Initial commit

2025-11-30 09:08:46 +08:00
commit ab158ea3e9
10 changed files with 5566 additions and 0 deletions
--- a/skills/aws-serverless-eda/references/performance-optimization.md
+++ b/skills/aws-serverless-eda/references/performance-optimization.md
@@ -0,0 +1,671 @@
+# Serverless Performance Optimization
+
+Performance optimization best practices for AWS Lambda and serverless architectures.
+
+## Table of Contents
+
+- [Lambda Execution Lifecycle](#lambda-execution-lifecycle)
+- [Cold Start Optimization](#cold-start-optimization)
+- [Memory and CPU Optimization](#memory-and-cpu-optimization)
+- [Package Size Optimization](#package-size-optimization)
+- [Initialization Optimization](#initialization-optimization)

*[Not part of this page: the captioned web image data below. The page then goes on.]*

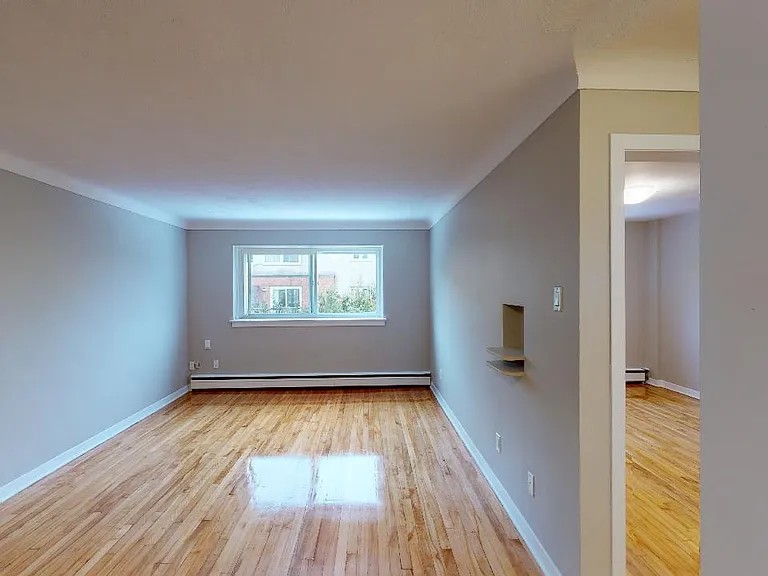 1196 Shillington Ave — Photo 24
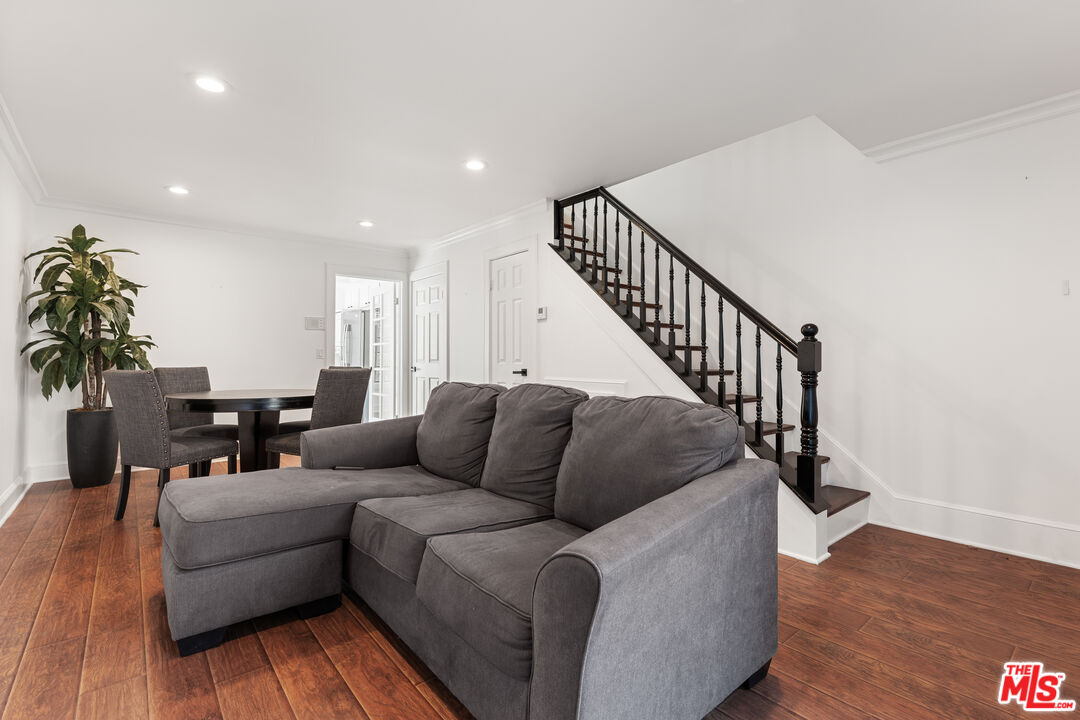 11127 La Maida St Unit: 3, North Hollywood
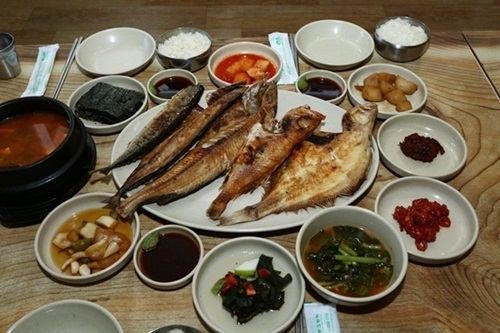 주문진 바다 한입에 담는 터줏대감 맛집 실비생선구이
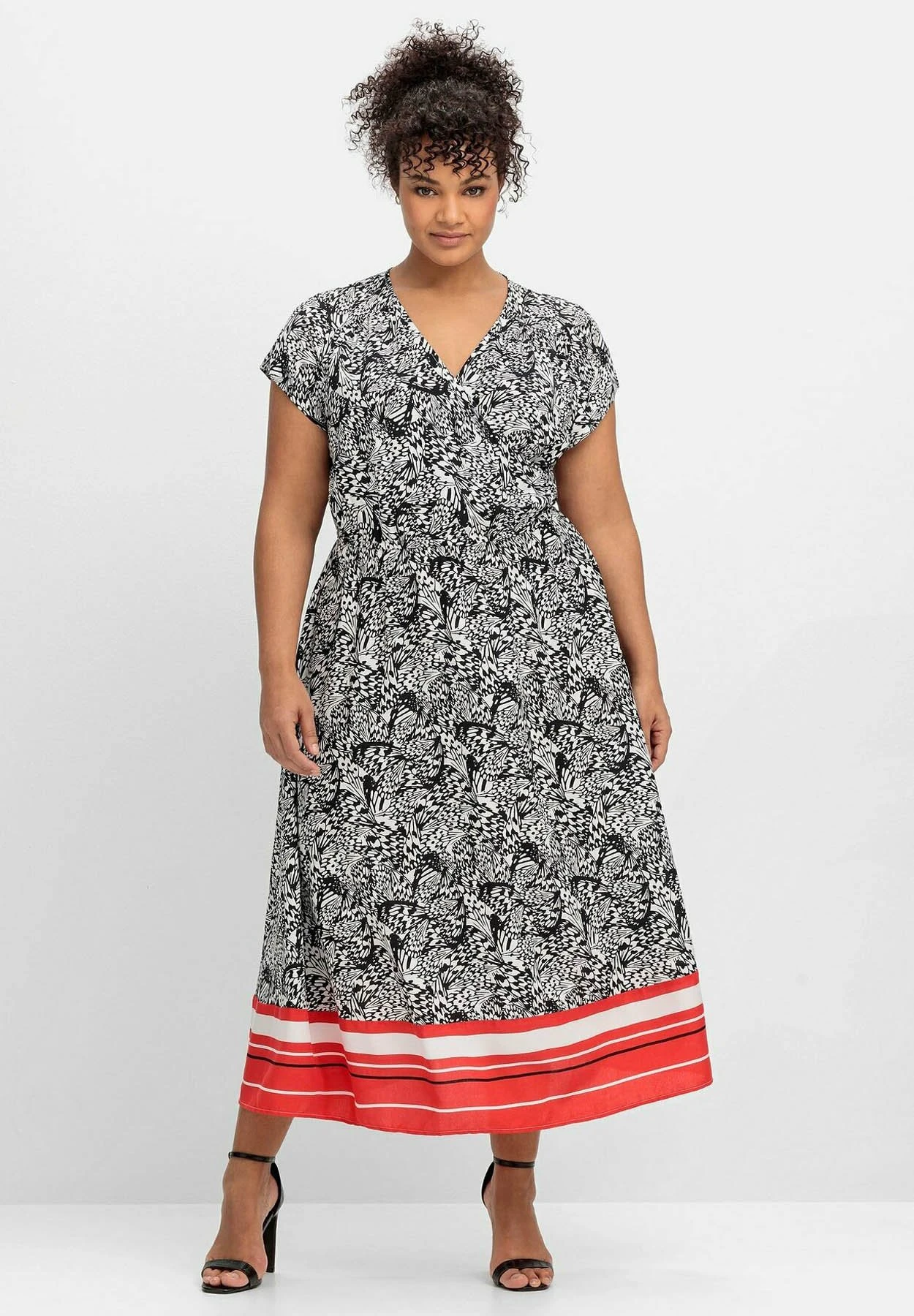 Sheego Sukienka Letnia - Schwarz Gemustert 2 Sheego Sukienka Letnia - Schwarz Gemustert - obrazek 2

+- [Runtime Performance](#runtime-performance)
+
+## Lambda Execution Lifecycle
+
+### Execution Environment Phases
+
+**Three phases of Lambda execution**:
+
+1. **Init Phase** (Cold Start):
+   - Download and unpack function package
+   - Create execution environment
+   - Initialize runtime
+   - Execute initialization code (outside handler)
+
+2. **Invoke Phase**:
+   - Execute handler code
+   - Return response
+   - Freeze execution environment
+
+3. **Shutdown Phase**:
+   - Runtime shutdown (after period of inactivity)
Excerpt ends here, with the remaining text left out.